Can you point to what you're referring to with a URL?

If my understanding is correct, CSW = Contributed Software for which
this is contributed on top of Sun's SUNW packages (prefix SUNW).

This guy has the right idea:
http://www.blastwave.org/packages.php/kdebase_gcc

Please clarify.

by Stefan Teleman (not verified)

> Can you point to what you're referring to with a URL?

I can point you to the AnswerBook Collection which is available
on Solaris, if installed. Search for "Building Packages". If you
do not have AnswerBooks installed, you may search on Google for
something available.

> If my understanding is correct, CSW = Contributed Software for which
> this is contributed on top of Sun's SUNW packages (prefix SUNW).

No. This is blastwave's packaging standard. The KDE packages were not
released through blastwave, nor were they packaged for blastwave. There
is no relation or connection whatsoever between the packages available
at KDE and blastwave. These packages were built by me, specifically for
KDE, and they were kindly made publicly available by KDE.

The /opt/csw tree is reserved by blastwave, and so is the 'CSW' package
prefix. KDE software installs under /opt/kde*.

Whether or not i choose to release KDE packages through blastwave,
in addition to the KDE packages, it is something to be decided
in the future, and that will only happen with KDE's consent. At that
point in time, packages released through blastwave will most likely
observe blastwave's package naming standards.

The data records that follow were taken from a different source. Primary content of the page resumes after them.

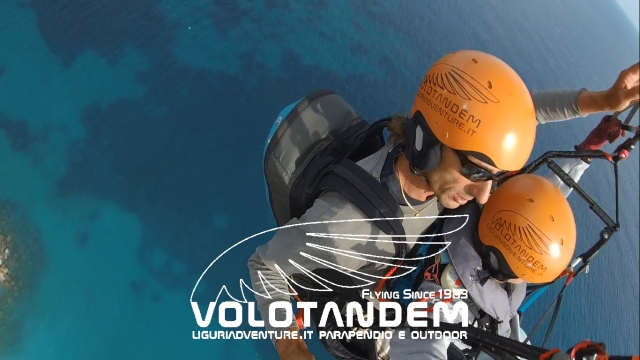  parapenle sobre el mar alassio savona 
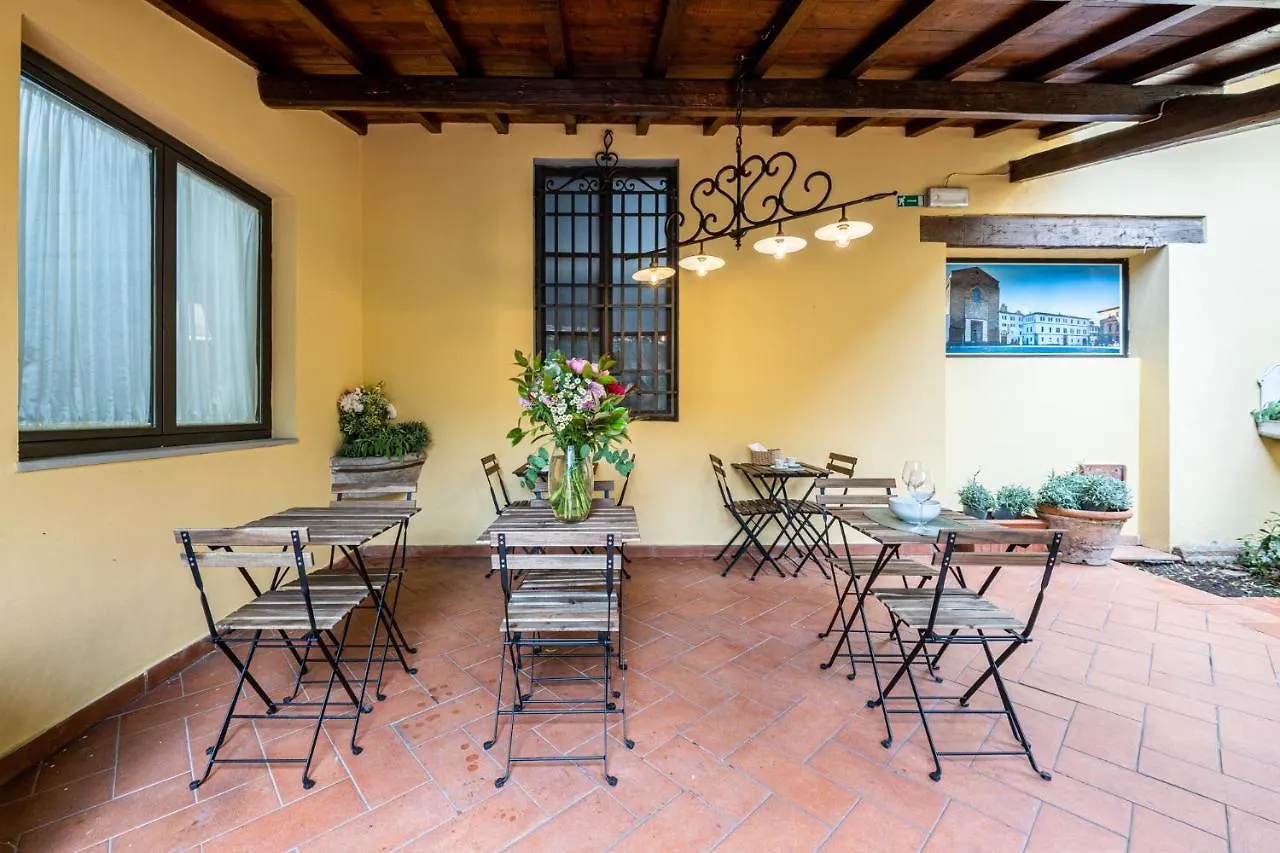Santa Monaca Suites Florence Guest house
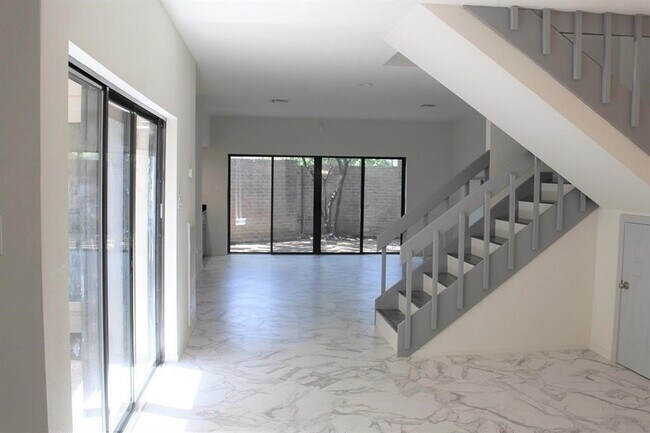 Foto del edificio - 12625 Memorial Dr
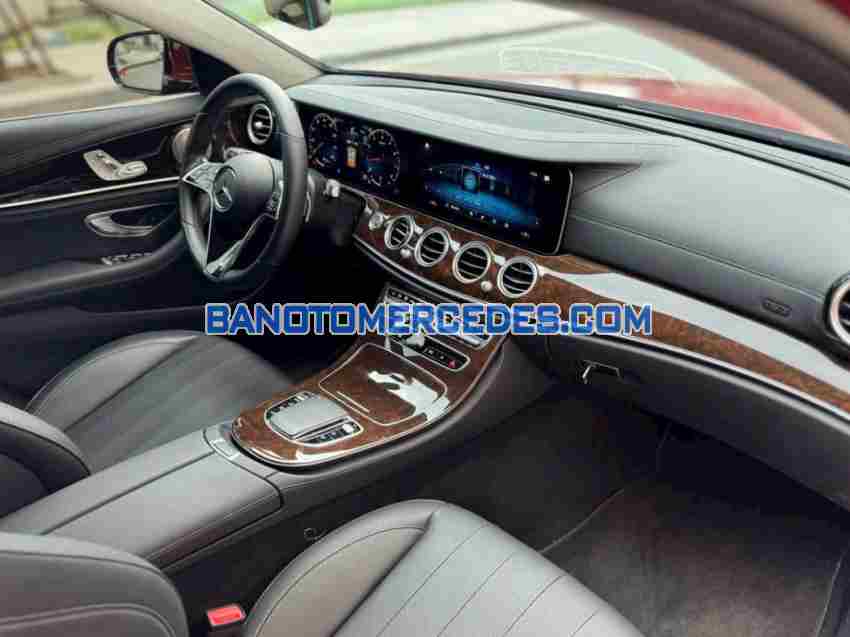 Cần bán Mercedes Benz E class E200 Exclusive Máy xăng 2022 màu Đỏ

> This guy has the right idea:
> http://www.blastwave.org/packages.php/kdebase_gcc

read my comments above.

by Grant McDorman (not verified)

I'm in the process of installing the packages. However, I'm shocked at the size of the SUNWkderequired package - and some of the things in it. Do we really need Opera, AfterStep, BlackBox, pico, pine, xv, and more to run KDE? - I don't have those things installed on my Linux system at home, and KDE runs just fine, thank you.

Trimming out some of the stuff like this should help with the size, no?